Assessing the Quality of Narrative Feedback in Undergraduate Medical Education Using Large Language
Tauqeer Iftikhar
Purpose: High-quality narrative feedback is critical for competency development in medical education, but its quality varies widely. This study aimed to evaluate the quality of narrative feedback in undergraduate medical education (UGME) using the Quality of Assessment for Learning (QuAL) score and explore the potential of large language models (LLMs) to automate this assessment.

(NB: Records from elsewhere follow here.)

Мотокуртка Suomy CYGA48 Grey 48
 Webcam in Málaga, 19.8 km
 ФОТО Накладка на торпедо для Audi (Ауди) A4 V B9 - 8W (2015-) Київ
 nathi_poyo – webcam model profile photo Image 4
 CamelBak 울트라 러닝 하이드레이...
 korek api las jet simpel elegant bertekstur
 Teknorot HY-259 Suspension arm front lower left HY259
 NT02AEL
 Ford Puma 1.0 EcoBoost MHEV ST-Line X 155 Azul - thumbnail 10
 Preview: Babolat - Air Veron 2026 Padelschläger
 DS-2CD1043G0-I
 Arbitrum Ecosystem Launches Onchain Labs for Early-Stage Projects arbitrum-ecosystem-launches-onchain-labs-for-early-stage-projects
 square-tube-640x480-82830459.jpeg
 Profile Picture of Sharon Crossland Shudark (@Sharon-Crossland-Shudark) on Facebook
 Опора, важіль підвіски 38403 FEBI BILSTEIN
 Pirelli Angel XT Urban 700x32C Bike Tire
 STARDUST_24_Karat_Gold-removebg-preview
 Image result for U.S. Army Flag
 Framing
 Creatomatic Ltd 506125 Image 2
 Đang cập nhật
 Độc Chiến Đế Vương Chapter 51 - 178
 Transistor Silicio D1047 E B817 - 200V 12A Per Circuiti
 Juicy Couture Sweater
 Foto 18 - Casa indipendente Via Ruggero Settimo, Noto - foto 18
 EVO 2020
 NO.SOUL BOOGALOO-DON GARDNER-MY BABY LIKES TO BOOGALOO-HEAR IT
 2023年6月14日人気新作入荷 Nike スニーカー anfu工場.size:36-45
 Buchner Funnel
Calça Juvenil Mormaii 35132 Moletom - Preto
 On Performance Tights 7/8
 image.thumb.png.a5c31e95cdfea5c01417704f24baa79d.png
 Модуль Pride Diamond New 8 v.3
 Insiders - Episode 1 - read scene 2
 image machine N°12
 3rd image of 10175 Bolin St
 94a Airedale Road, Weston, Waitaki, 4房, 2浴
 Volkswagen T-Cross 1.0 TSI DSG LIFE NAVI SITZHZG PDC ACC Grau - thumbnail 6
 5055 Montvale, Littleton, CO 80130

Methods: A sample of 7,470 de-identified evaluations were obtained from UGME pre-clerkship clinical skills courses. Eleven trained raters scored each evaluation using the QuAL score.
Results: The median QuAL score was 2 out of 5 (IQR: 2–4). Although 70.2% of comments included a suggestion for improvement, only 36.9% of those suggestions explicitly referenced a specific observed performance, and 52.6% of all comments contained no direct evidence of the learner’s performance. Seventeen percent achieved the highest score of 5, indicating some excellent quality despite the low median.
Discussion: Most feedback offered advice for improvement, however, it often lacked specificity and clear behavioral linkage, potentially limiting its educational value. Evidence of learner performance was also often insufficient. This human-rated dataset will next be used to train and validate an NLP model for automated QuAL scoring and developing a model for real-time feedback coaching.